## TASK TO CARRY OUT
From the listing that follows, reproduce only the lines from the one holding "Purple Superbike" through the one holding "22 DIY Storage Bins, Baskets & Boxes", both included, with no pictures.

## DATASET CONTENT
◇ ◇ ◇ ◇ ◇ ◇ ◇
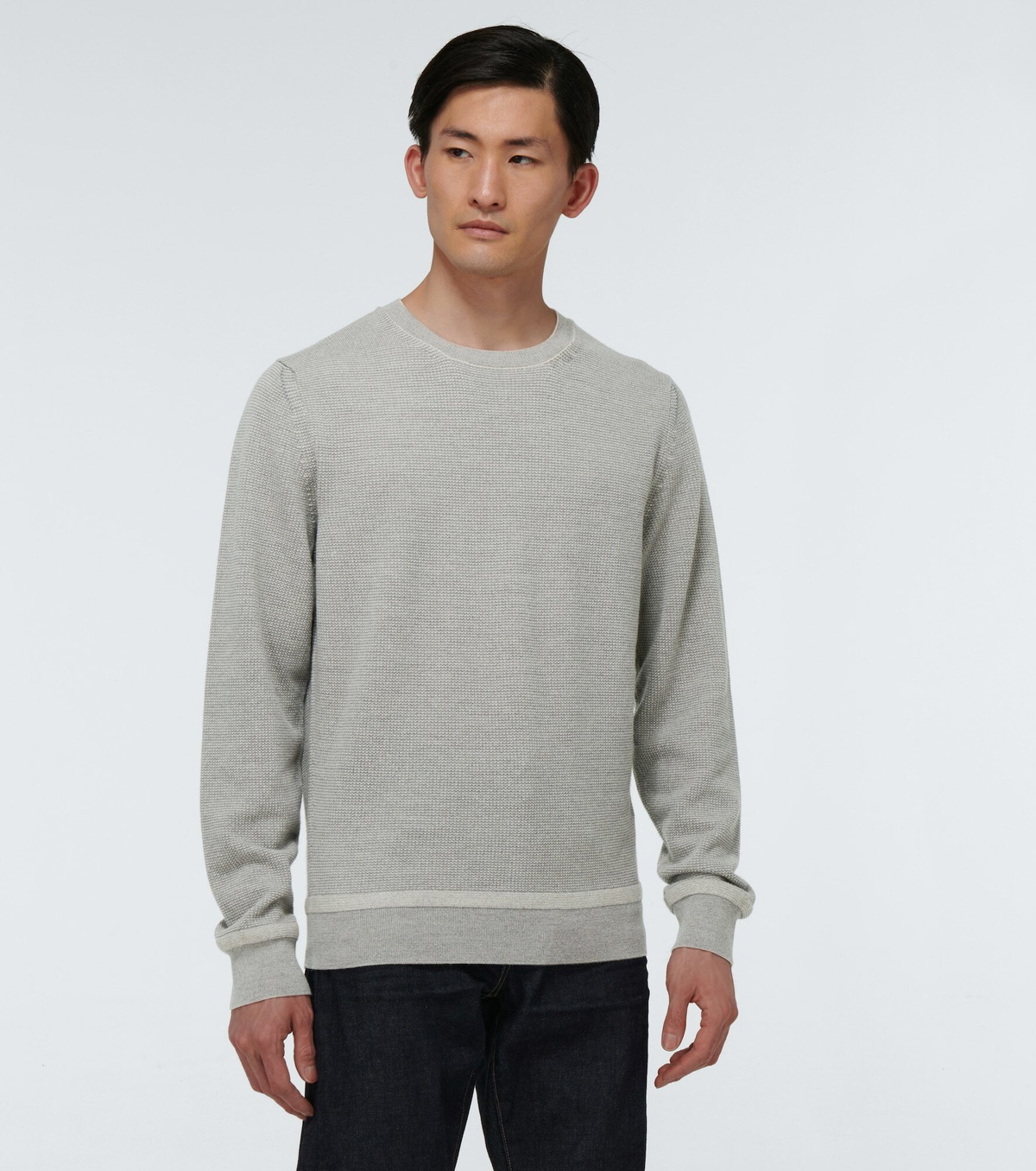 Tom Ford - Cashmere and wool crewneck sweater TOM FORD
◇ ◇ ◇ ◇ ◇ ◇ ◇
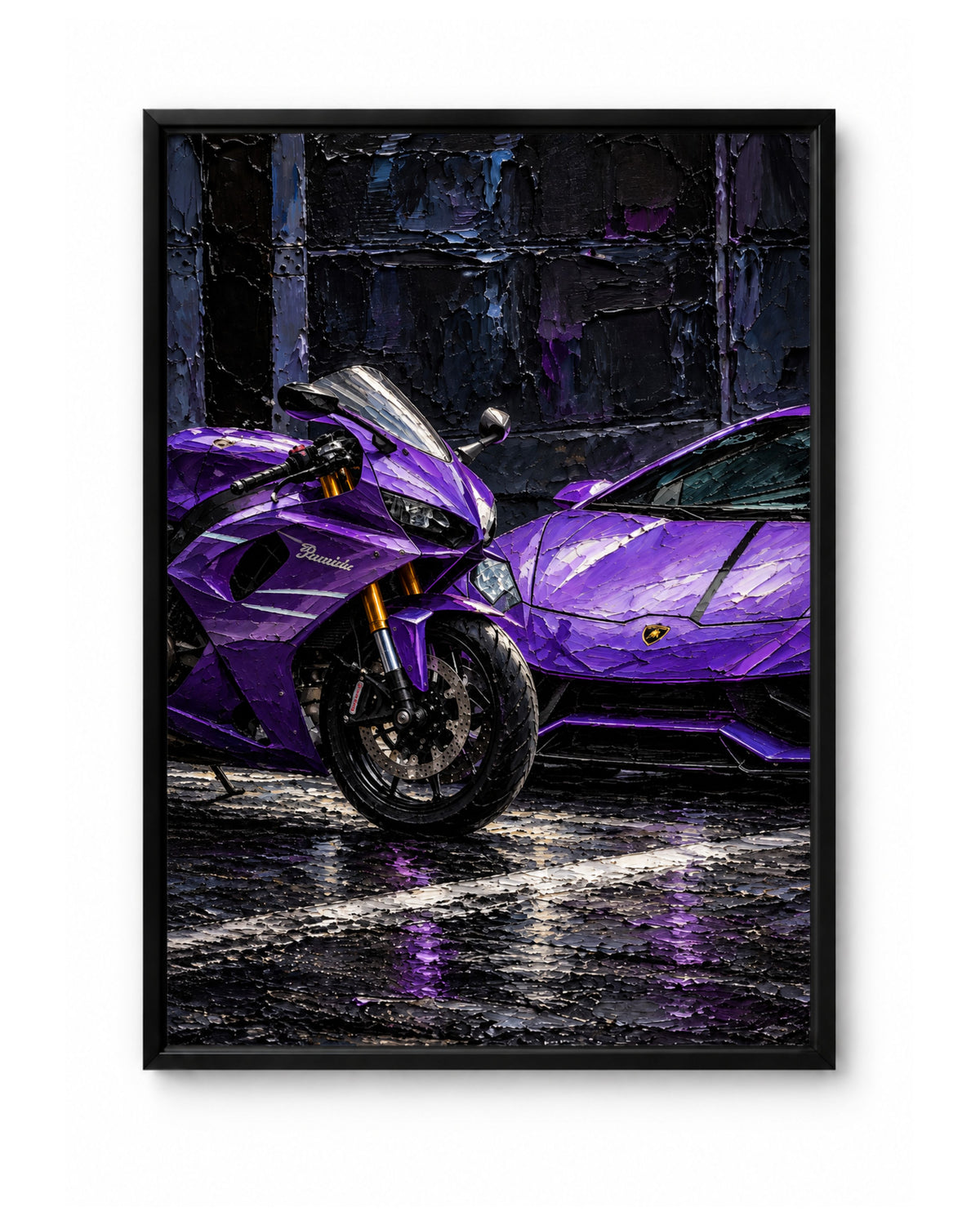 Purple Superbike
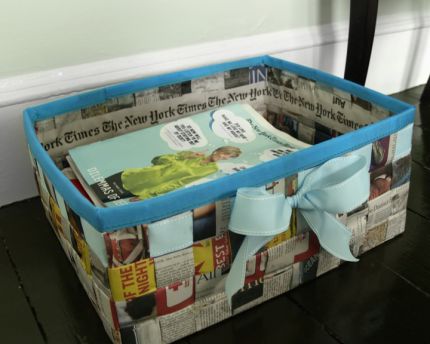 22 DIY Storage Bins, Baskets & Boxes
◇ ◇ ◇ ◇ ◇ ◇ ◇
## ANSWER TO THIS TASK
 Purple Superbike
 22 DIY Storage Bins, Baskets & Boxes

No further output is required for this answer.